__EXERCISE DESCRIPTION__. Among the lines below, a stretch begins at the one with "Bakar Kecap Manis Resep Ayam Bakar" and ends at the one with "1 year since the MBO". Repeat that stretch exactly, ends included.
======== DATA SUPPLIED
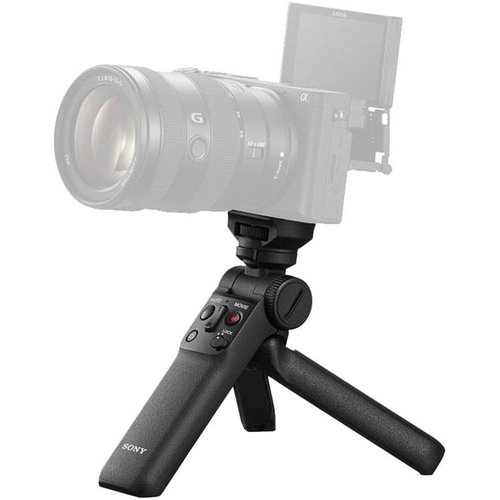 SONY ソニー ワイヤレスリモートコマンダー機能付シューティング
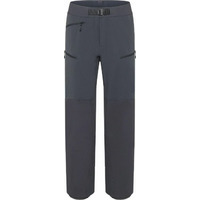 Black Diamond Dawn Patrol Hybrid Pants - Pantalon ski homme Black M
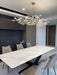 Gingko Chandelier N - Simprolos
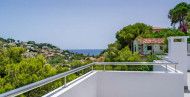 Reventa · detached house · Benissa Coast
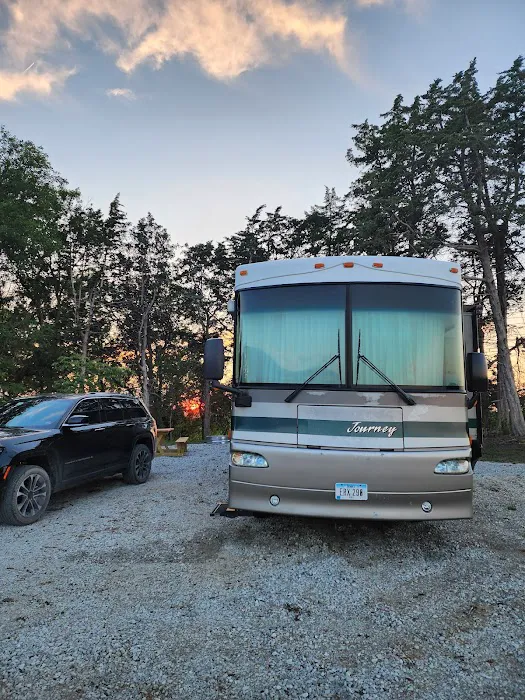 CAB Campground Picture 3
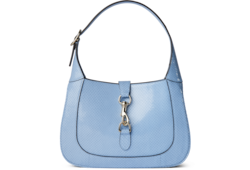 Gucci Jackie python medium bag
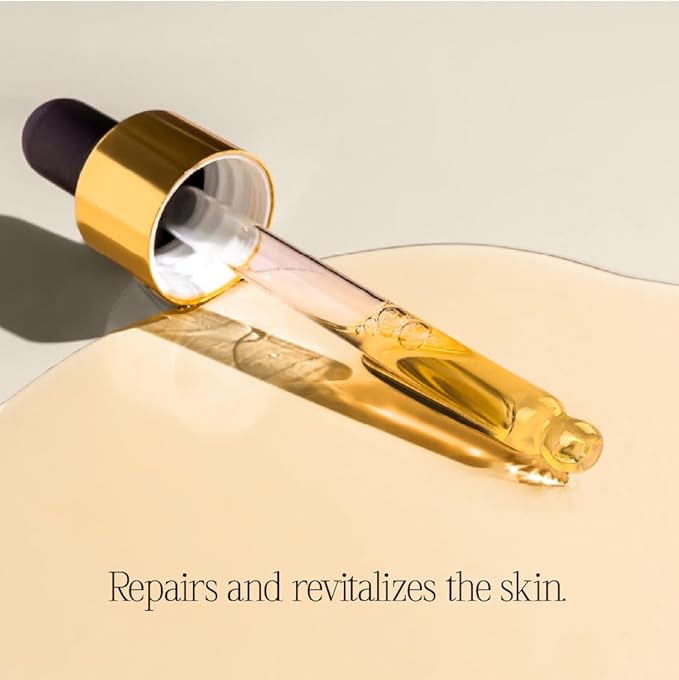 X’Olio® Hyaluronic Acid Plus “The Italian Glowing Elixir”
================
======== DATA SUPPLIED
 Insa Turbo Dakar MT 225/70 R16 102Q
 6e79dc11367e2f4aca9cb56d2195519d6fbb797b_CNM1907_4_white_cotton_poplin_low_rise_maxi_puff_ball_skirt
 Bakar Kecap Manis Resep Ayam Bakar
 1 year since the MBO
================
======== DATA SUPPLIED
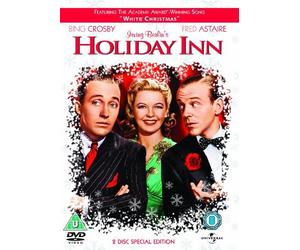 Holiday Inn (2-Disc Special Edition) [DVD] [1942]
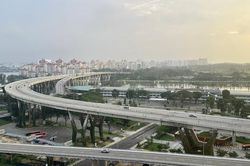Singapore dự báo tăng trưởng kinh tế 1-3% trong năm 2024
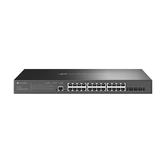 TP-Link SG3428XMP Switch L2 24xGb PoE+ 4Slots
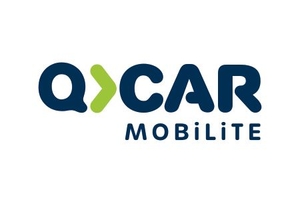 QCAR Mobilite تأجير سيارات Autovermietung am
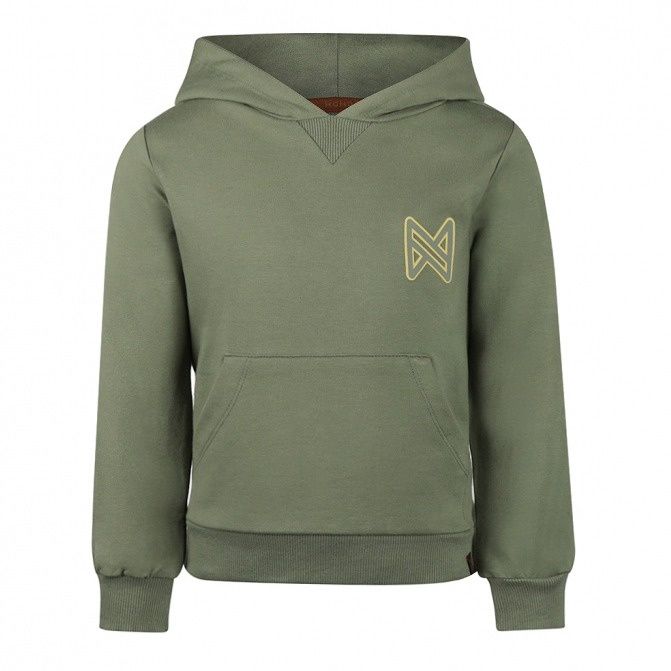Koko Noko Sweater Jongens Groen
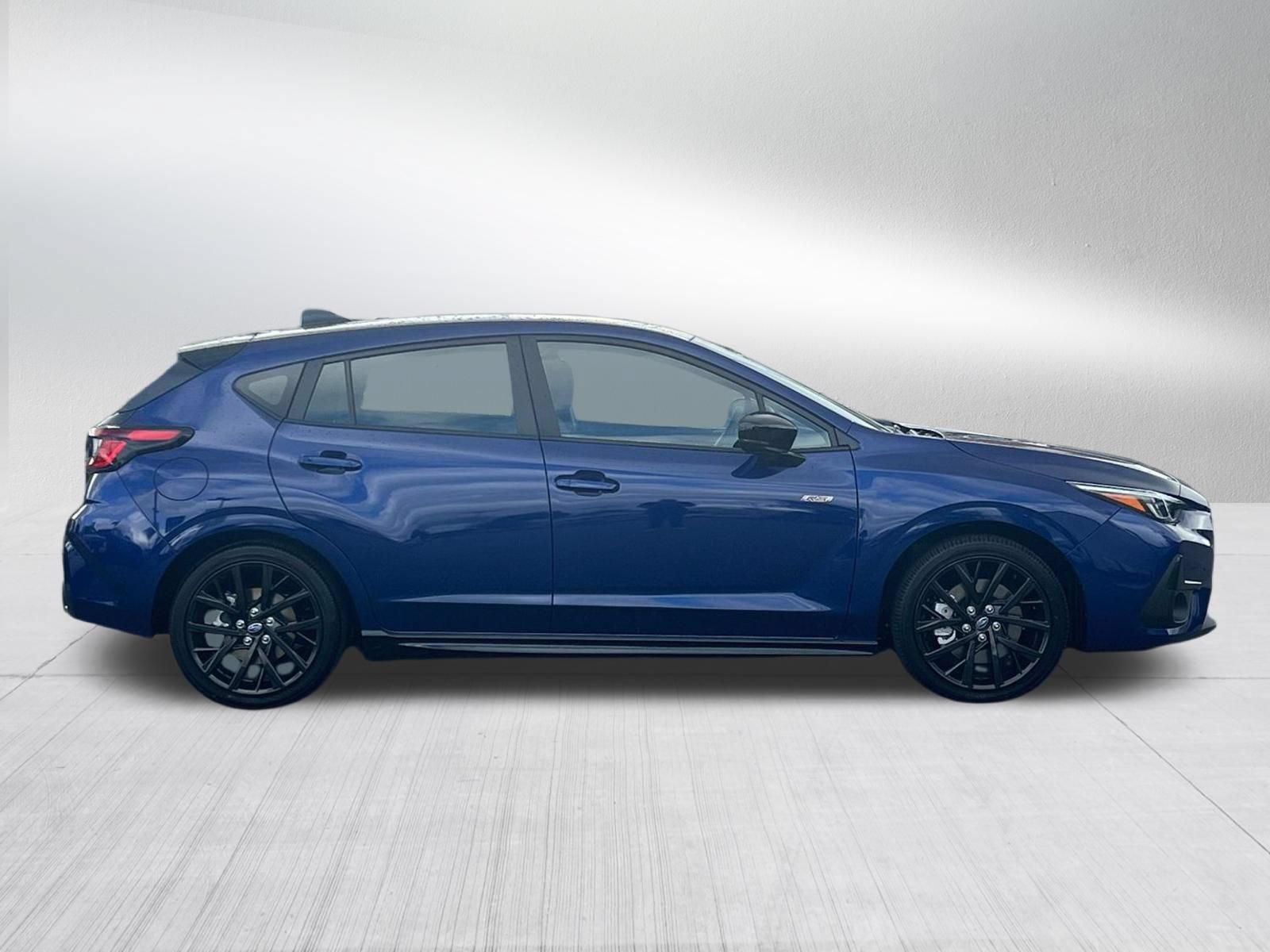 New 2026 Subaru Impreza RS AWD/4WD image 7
================
__ANSWER SPACE__.
 Bakar Kecap Manis Resep Ayam Bakar
 1 year since the MBO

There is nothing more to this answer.